Sorry if anyone's already said that:
Leave the classical seating arrangement and place the second violins opposite the first violins - on the right. https://youtu.be/uMAkPT9ggtg?t=145 (This gives you a beautiful wide stereo image).
In this example I even produced two first violin ensembles. I placed one on the left, the other on the right. But if you do that you need two different libraries, otherwise you won't get the effect.
Beat


----------



## MarcHedenberg (May 27, 2020)

Joël Dollié said:


> This :
> 
> 
> 
> It doesn't really cause any phase problems unless you overdo it but at this point it would sound bad anyway.





*Joël, I just want to tell you how much I appreciate your videos. I recently completed an 'advanced music production' module at my college and in my essay, I quite literally cited a couple of your videos on multipressing low-end and low-pass filtering in my Harvard referencing. Great stuff! *


----------



## Joël Dollié (May 27, 2020)

MarcHedenberg said:


> *Joël, I just want to tell you how much I appreciate your videos. I recently completed an 'advanced music production' module at my college and in my essay, I quite literally cited a couple of your videos on multipressing low-end and low-pass filtering in my Harvard referencing. Great stuff! *



Seriously! That's so cool to hear  Hopefully the teachers like my videos too haha. Cheers!


----------



## hdsmile (May 27, 2020)

*@Joël Dollié*
interesting trick to widen the strings using Patcher in FL Studio, but I'm wondering how can be done this in Logic Pro X?


----------



## John Longley (May 27, 2020)

Try any Mid/Side eq. You can experiment with some extra mid or presence push in the sides, or cutting from the mid channel. You can go very wide by changing the level of M to S, but you can go too far quickly.


----------



## Manaberry (May 28, 2020)

Something I use to change a bit the perception is an unlinked EQ (PSP e27 in my case.) I add or remove some mid freq from the roomy channel of my track, just a .5 or 1db. It forces a little bit the panning. It doesn't affect the overall level, and you are able to change the perception of the sound.


----------



## musicisum (May 28, 2020)

Haven't seen it mentioned yet, but this one is easy to use doesn't mess up your phase like the haas effect

Probably worth a try.









Wider


Wider is a unique stereo “mono-compatible” plugin. Any signal that has been extended will always remain in phase, even if summed to mono.




polyversemusic.com


----------



## Joël Dollié (May 28, 2020)

hdsmile said:


> *@Joël Dollié*
> interesting trick to widen the strings using Patcher in FL Studio, but I'm wondering how can be done this in Logic Pro X?

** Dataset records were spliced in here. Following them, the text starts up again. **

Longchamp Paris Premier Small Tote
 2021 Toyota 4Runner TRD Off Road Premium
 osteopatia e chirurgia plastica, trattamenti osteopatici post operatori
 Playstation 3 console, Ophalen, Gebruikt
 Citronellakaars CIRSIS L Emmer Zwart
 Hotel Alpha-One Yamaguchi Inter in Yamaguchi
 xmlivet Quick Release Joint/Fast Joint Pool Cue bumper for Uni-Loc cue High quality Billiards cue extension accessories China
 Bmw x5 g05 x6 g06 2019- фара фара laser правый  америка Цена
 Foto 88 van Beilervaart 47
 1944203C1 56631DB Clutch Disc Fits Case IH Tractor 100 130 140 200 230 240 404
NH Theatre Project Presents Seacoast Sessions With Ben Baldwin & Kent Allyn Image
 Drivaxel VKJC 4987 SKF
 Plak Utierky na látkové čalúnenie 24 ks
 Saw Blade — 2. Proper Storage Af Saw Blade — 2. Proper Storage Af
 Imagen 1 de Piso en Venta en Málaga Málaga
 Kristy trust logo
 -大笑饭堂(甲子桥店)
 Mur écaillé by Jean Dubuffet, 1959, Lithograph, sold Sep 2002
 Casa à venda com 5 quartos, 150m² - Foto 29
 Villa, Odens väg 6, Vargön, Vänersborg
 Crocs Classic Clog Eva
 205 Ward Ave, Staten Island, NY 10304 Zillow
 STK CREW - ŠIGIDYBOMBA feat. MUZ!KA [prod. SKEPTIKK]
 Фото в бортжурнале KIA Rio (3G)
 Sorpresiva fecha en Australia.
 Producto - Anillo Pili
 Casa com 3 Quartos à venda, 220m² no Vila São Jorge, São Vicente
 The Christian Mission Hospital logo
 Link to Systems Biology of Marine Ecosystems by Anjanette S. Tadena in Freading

Yeah you only need the waves doubler plugin  The only reason I use patcher is that it's easier to control the dry/wet with that one knob. Basically in the doubler, controlling the level of the Left/right voices will control how dry or wet the effect is.


----------



## vitocorleone123 (May 28, 2020)

Panning
Delay
Mid/side processing (e.g., EQ, saturation, etc.)
Unlinked (usually mid/side) gentle compression
Extremely gentle use of something like Ozone Imager at the very end


----------